The former chief investment officer of the Korea Investment Corporation begins trading his Asian credit hedge fund in Singapore.

Singapore-based Blue Rice Investment Management (Brim) has launched its inaugural absolute-return strategy, the Brim Asian Credit Fund.

Brim is the creation of Guan Ong, who moved to Singapore last year after fulfilling his three-year role as the founding chief investment officer of the Korea Investment Corporation. Before that, he had served as CIO at Prudential Financial's investment trust in Seoul.

As CEO, Ong leads a six-person team consisting of two investment professionals, two analysts and two operations personnel. He says the fund has one anchor investor that has allowed it to get started this month.

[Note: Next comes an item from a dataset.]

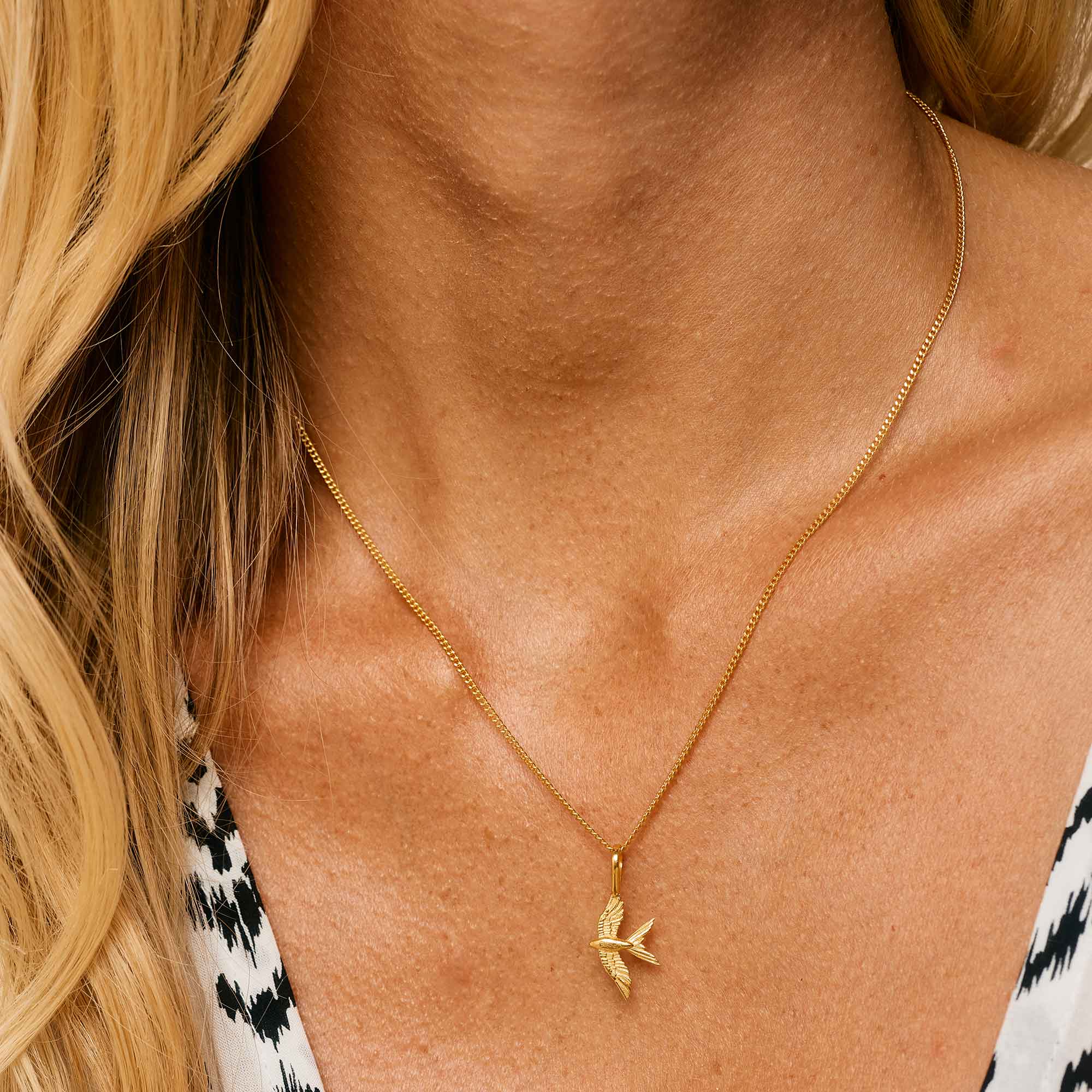 Gold Swallow in Flight Necklace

He expects the fund to be managing $30-50 million by early 2010.

The strategy's capacity is ultimately around $1 billion. It concentrates on Asian corporate bonds denominated in US dollars or other global currencies. Ong says he is deliberately avoiding local-currency bonds because he does not want to confuse currency risk with credit risk.

The strategy invests in investment-grade and high-grade paper, but not default situations. Ong says the region's strong macro story and balance-sheet fundamentals mean that the opportunities are not to be found in the distressed space.

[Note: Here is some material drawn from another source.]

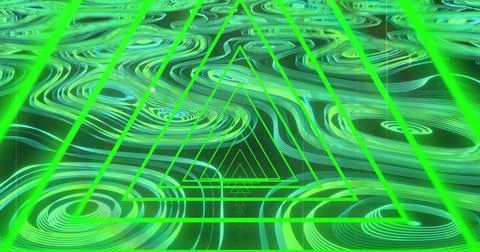 Pulsing nested triangle wireframe on hologram plane showing concentric ripples, 스톡 일러스트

Brim has appointed Credit Suisse as its prime broker, Deutsche Bank as its administrator, Deacons as its law firm, and Ernst & Young as its accountant.

In addition to wanting to work with well-known service providers to avoid the whiff of Bernie Madoff-type corruption, Brim is also utilising their platforms. For example, it will trade off Credit Suisse's systems and will use Deutsche Bank's existing platform for reporting purposes.

Portfolio risk management is done on a proprietary basis, although Ong says he is reviewing possible third-party vendors' systems. He also has instilled limits on portfolio construction, to avoid overweights towards any given geography, sector or issuer.

As an absolute-return vehicle, the fund has no benchmark, but Ong says he aims to return 10-15% in 2010. The fund can employ modest leverage, up to two times the portfolio.

Ong declined to specify volatility levels. This is because the strategy does have exposure to more than just Asian dollar-denominated credit. At least 80% of the fund must be exposed to such bonds, to convertible bonds, to related credit-default swaps, to US Treasuries or to US Treasury futures.

Up to 20% of the portfolio can also be allocated to non-Asian bonds or equity indices, used for hedging purposes. The fund does not intend to invest in specific stocks but has the ability to hold such exposure on the back of convertible bonds that turn into equity positions.

Ong and his team can also take short positions via CDS trades, by shorting Treasury futures, by buying put options on equity indices, or buying puts on credit sectors or specific issues.